5B. If you decided to take the easier route, don't cross the bridge. Continue along the road for about 600m until you reach a junction with a major road, the R445, where you rejoin the route by turning right.

6. You are now half way along the walk. The canal comes to a dead end at the R445, the Naas to Newbridge road (formerly the busiest road in Ireland when it was the Dublin to Cork/Limerick road). There was no attempt to build a raised bridge here, so the canal is blocked by the road. It continues at the other side of the road, but boats cannot pass this point which explains why everything so far has been unnavigable. From here on, boats can actually travel the canal although you're not likely to meet many.

7. Continue along the R445 until you come to the ruins of Jigginstown House. The route continues directly across the road through a gateway, but first take a few moments to look at the ruin. This was reputedly the longest house ever constructed in Ireland at 448 feet (137m). It was built by Thomas Wentworth, Earl of Stafford and Lord Deputy of Ireland, in the 17th Century with the intention of being a residence for King Charles I on his royal visits to Ireland, although it was never used for that purpose. The house would originally have had gardens in front of it, where the road is now. Wentworth later fell out of favour with the King, was found guilty of treason and was beheaded.

Carefully cross the very busy road (if the traffic is bad, it may be safer to continue on until the traffic lights and cross there). Go through the gateway opposite Jigginstown House.

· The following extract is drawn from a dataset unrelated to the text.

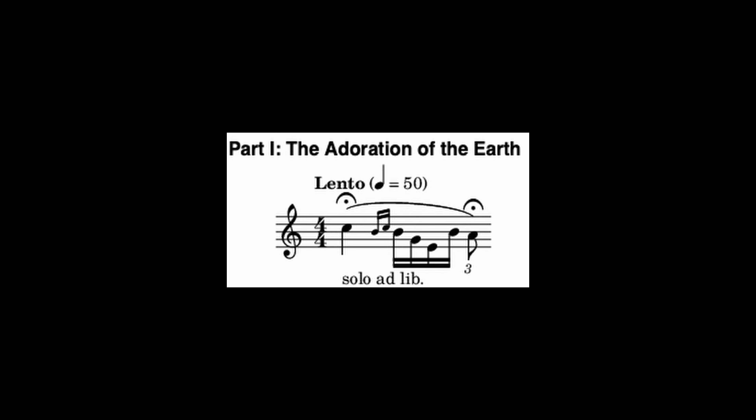Tip number four is to watch out for thin ice. There's a story — somewhat apocryphal, but interesting either way — that the Rite of Spring by Stravinsky starts with a really high bassoon part. The bassoon player comes to him in one of the rehearsals and says, 'Mr. Stravinsky, I'm sorry, but this part is unplayable.' And Stravinsky supposedly says, 'Well, that's not my problem, it's yours.' But in samples, that kind of thing is not going to work. You're on thin ice when you're doing that.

Follow the path which bends round to the right, rather than crossing the pedestrian bridge [7.3km].

8. Go under the road bridge and under the next bridge (Ploopluck Bridge).

You soon arrive at Naas Harbour [8.9km]. Go around the harbour basin and at the far side you will reach Basin Street. If you want, you can now take a break - walk up Basin Street and after about 100m you'll come to the Main Street of Naas where there are pubs and coffee shops. Tired members of the party have the option of waiting here in a pub while the others finish the walk. Return down Basin Street after the break.

Second Part - Naas to Sallins

9. Continue along the canal, keeping the water on your left. You're now starting on the Naas branch of the Naas and Corbally Line. This has quite a different character - there are locks so the canal doesn't need to follow the contours and is much straighter. The trees on either side are also much taller making the route more shady.

10. At the next bridge [9.2km], cross to the left side of the canal. All the locks are clearly signposted so you'll have no problem knowing where you are. Pass the 5th Lock, 4th Lock, Tandy's Bridge, 3rd Lock, 2nd Lock and the giant Leinster Mill, a former Odlums flour mill which is on both sides of the canal. Go under the road bridge and the motorway [11.4km].

11. Next is the 1st Lock and just after it a bridge [11.7km]. Cross the bridge and continue along the right bank of the canal.

12. Go under the railway bridge [12.1km]. Almost immediately [12.2km], the Naas and Corbally Line joins the Grand Canal. This canal goes all the way from Dublin to the River Shannon in the middle of the country.

13. The path takes a sudden turn to the right away from the canal through a gap in the trees [12.4km]. Cross the grass to the houses and follow the road left through the estates of Sallins Pier, Sallins Wharf and Osberstown Court.

14. At the main road [13.1km], turn left and you soon reach Sallins Bridge, the end of the walk. [13.2km]

Sallins has a number of pubs offering food. 'Lock 13', right at the bridge, describes itself as a 'gastro-pub' and its food is highly recommended, although there isn't a great choice for vegetarians. After refreshment, drive back to Corbally Harbour and collect the other car.

1There's a railway station in Sallins at one end of the walk but no way of getting to the other end by public transport.2Naas is pronounced to rhyme with Race.3Named because it is two miles from Corbally Harbour.